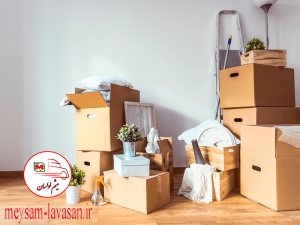 حمل-اثاث-به-بیرجند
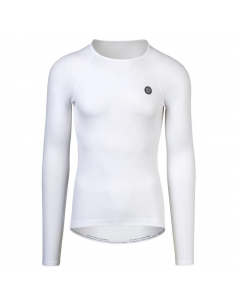 Maglia intimo AGU manica...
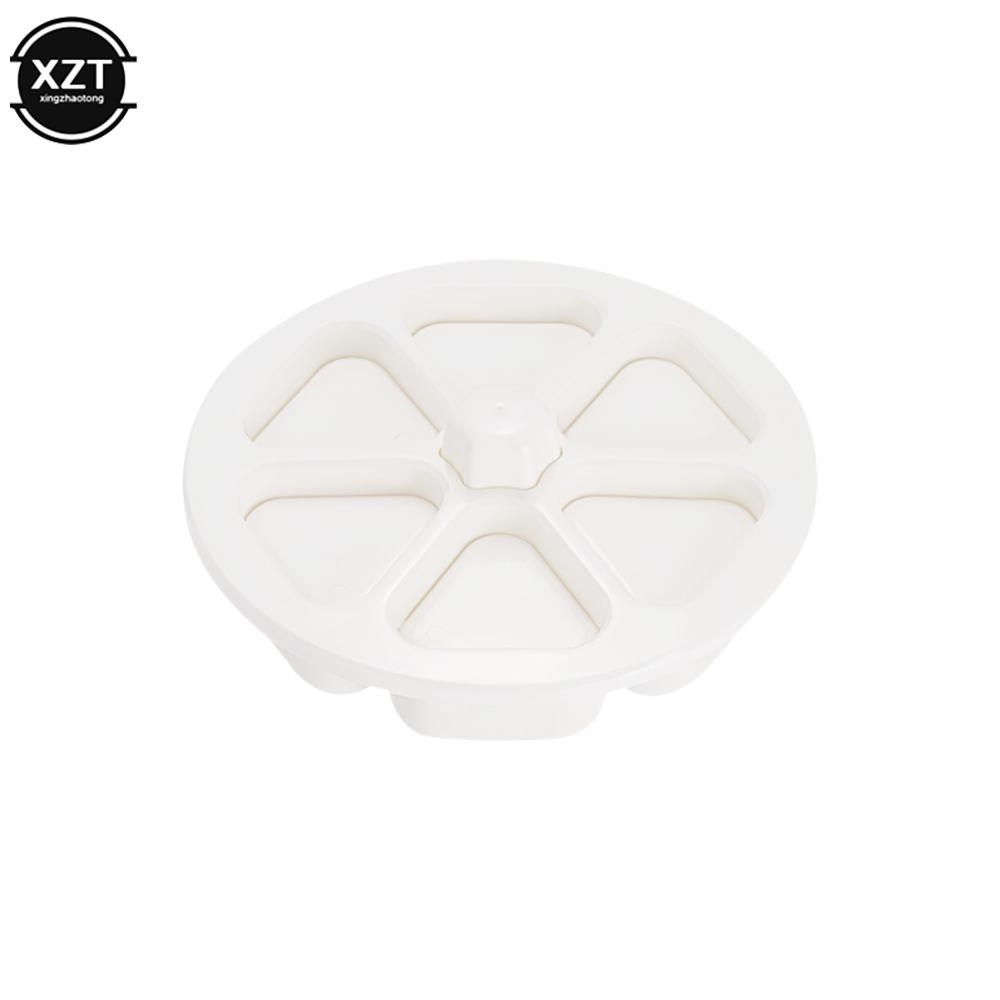 Форма для суши своими руками, онигири, рисовый шарик, пресс для еды, треугольная форма для суши, набор для суши, японские кухонные инструменты, коробка для бенто, принадлежности для еды белый
Форма для суши своими руками, онигири, рисовый шарик, пресс для еды, треугольная форма для суши, набор для суши, японские кухонные инструменты, коробка для бенто, принадлежности для еды белый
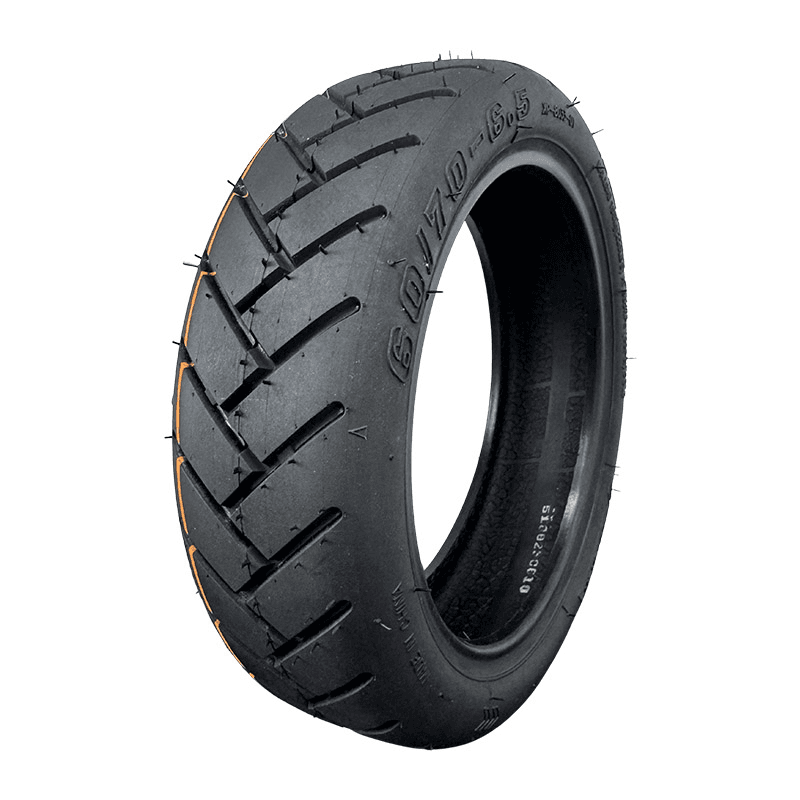 Tubeless guma (10*3 in 60/70-6.5) za Xiaomi trotinet Mi 4/ Mi 4 Lite/ Kugoo M4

____

Leave the images out and output the remaining material exactly as it stands.

● **EXERCISE RESULT**:
 حمل-اثاث-به-بیرجند
 Maglia intimo AGU manica...
 Форма для суши своими руками, онигири, рисовый шарик, пресс для еды, треугольная форма для суши, набор для суши, японские кухонные инструменты, коробка для бенто, принадлежности для еды белый
Форма для суши своими руками, онигири, рисовый шарик, пресс для еды, треугольная форма для суши, набор для суши, японские кухонные инструменты, коробка для бенто, принадлежности для еды белый
 Tubeless guma (10*3 in 60/70-6.5) za Xiaomi trotinet Mi 4/ Mi 4 Lite/ Kugoo M4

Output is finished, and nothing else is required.